In a new whitepaper, titled ‘The Impact of Climate Change on the Traditional ILS Market and Non-Nat-Cat Alternatives’, reinsurance MGA, AM RE Syndicate, Inc., argues the case for an investment in insurance-linked products with a focus on the Excess and Surplus lines specialty market.
Of course, the traditional ILS market remains active and attractive to investors, with Q1 2022 another robust quarter for the catastrophe bond sub-sector of the marketplace on the back of a bumper year for the space.
But, while interest and investment in traditional ILS products is still strong, “there are signs of potential trouble on the horizon,” according to AM RE Syndicate.
“As catastrophes have continued to grow in frequency, scope, and severity over the past five years, there is a growing consensus that climate change exists, and its effects are a long-term problem.”
The whitepaper asserts that the elevated level of risk to hurricane bonds and other comparable products, as a result of climate change, is pushing many industry leaders to transfer their experience and knowledge of building nat cat-linked ILS solutions to other lines of business.

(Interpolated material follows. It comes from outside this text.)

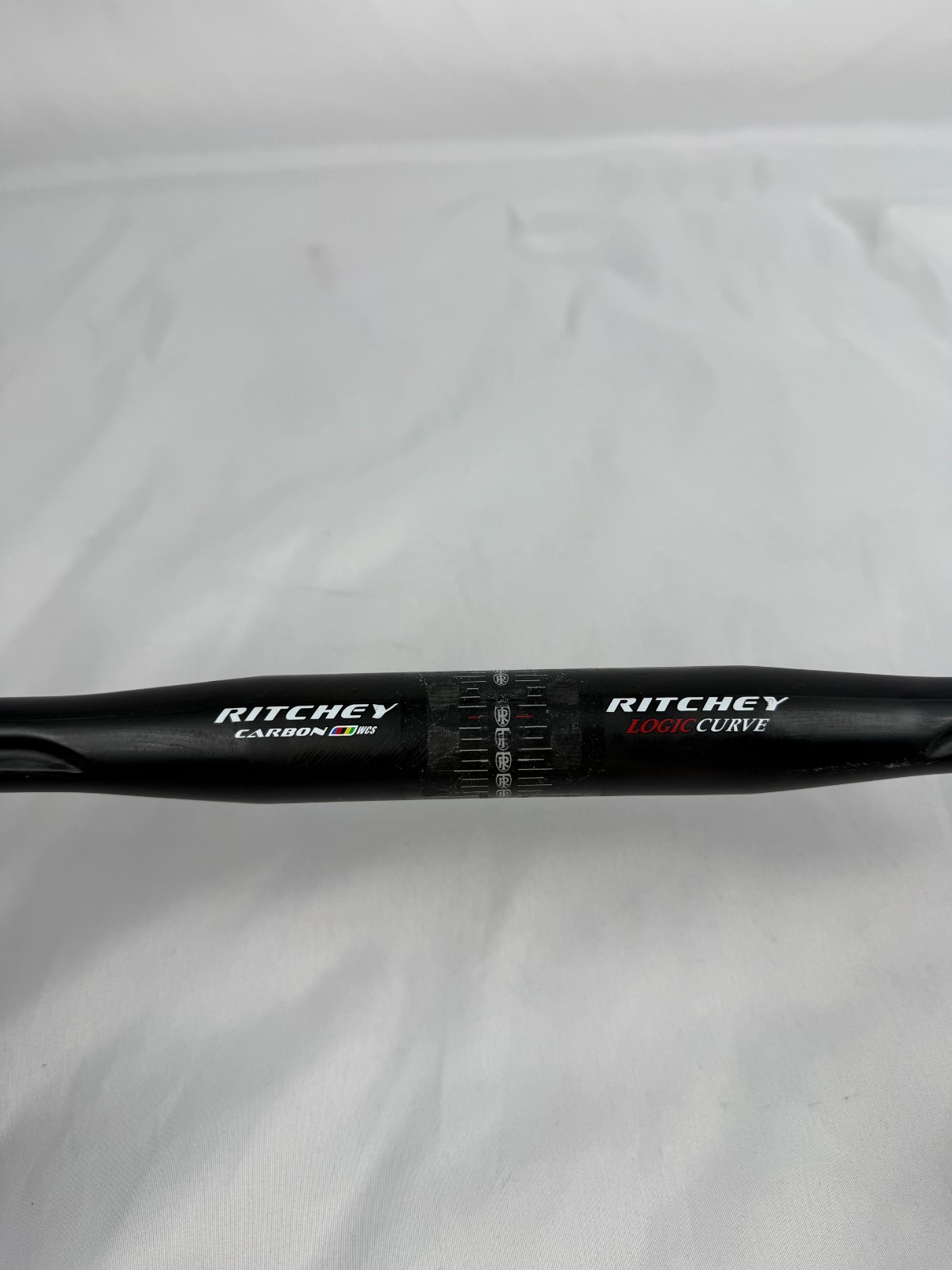 Ritchey WCS Carbon Logic Curve Road Handlebar 31.8 Dia 42cm Width Aluminum
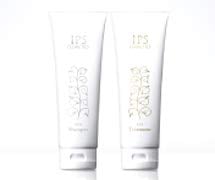 Qoo10最安値挑戦 P.P.4/P.P.5 お得なシャンプーとトリートメントのセット IPSコスメティックス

“The result is a rapidly emerging and viable insurance-based asset class for non-nat-cat ILS alternatives, also referred to as insurance-linked programs (ILP).
“These non-nat-cat ILP products focus on the Excess and Surplus lines specialty program market. They are comprised of casualty classes of specialty business that can be written on a portfolio basis and then securitized for investment,” explains AM RE Syndicate.
The extensive and insightful paper explores the market forces behind growing interest in non-nat-cat products, with a focus on the factors institutional investors and hedge fund managers should consider when weighing up an entry into this part of the market.
Ultimately, AM RE Syndicate argues that these alternative products “bring the promise of more predictable, stable and sustainable cash flows over a longer period of time,” when compared with nat cat-linked products.
“These investments are extremely low-limit, stable and predictable risks which are structured in a portfolio. Instead of focusing on CAT-prone lines like traditional ILS products, non-nat-cat ILP alternatives focus on casualty business, such as artisan general liability, commercial auto, workers’ compensation, and health and accident insurance. In the near future, analysts predict that other lines such as cyber liability may also make up a non-nat-cat ILP product,” says the paper.
Within the paper, AM RE Syndicate provides some good examples of how this type of product can benefit a portfolio.
Additionally, the whitepaper explores numerous considerations for investing in non-nat-cat ILS alternatives, as well as some of the best practices for working with intermediaries, such as AM RE Syndicate, in the non-nat-cat ILS alternative space.
“With traditional ILS markets facing all this disruption from the effects of climate change, we firmly believe institutional investors and hedge fund managers should consider new opportunities to diversify their portfolios,” says AM RE Syndicate.
“We see non-nat-cat ILP alternatives focused on specialty programs as the perfect hedge for investors who have grown wary of unpredictability in the traditional ILS space. To take advantage of these non-nat-cat ILP alternatives, investors should work with a partner who understands specialty programs and brings to the table deep expertise in technical underwriting, claims management, monitoring and analytics,” concludes the paper.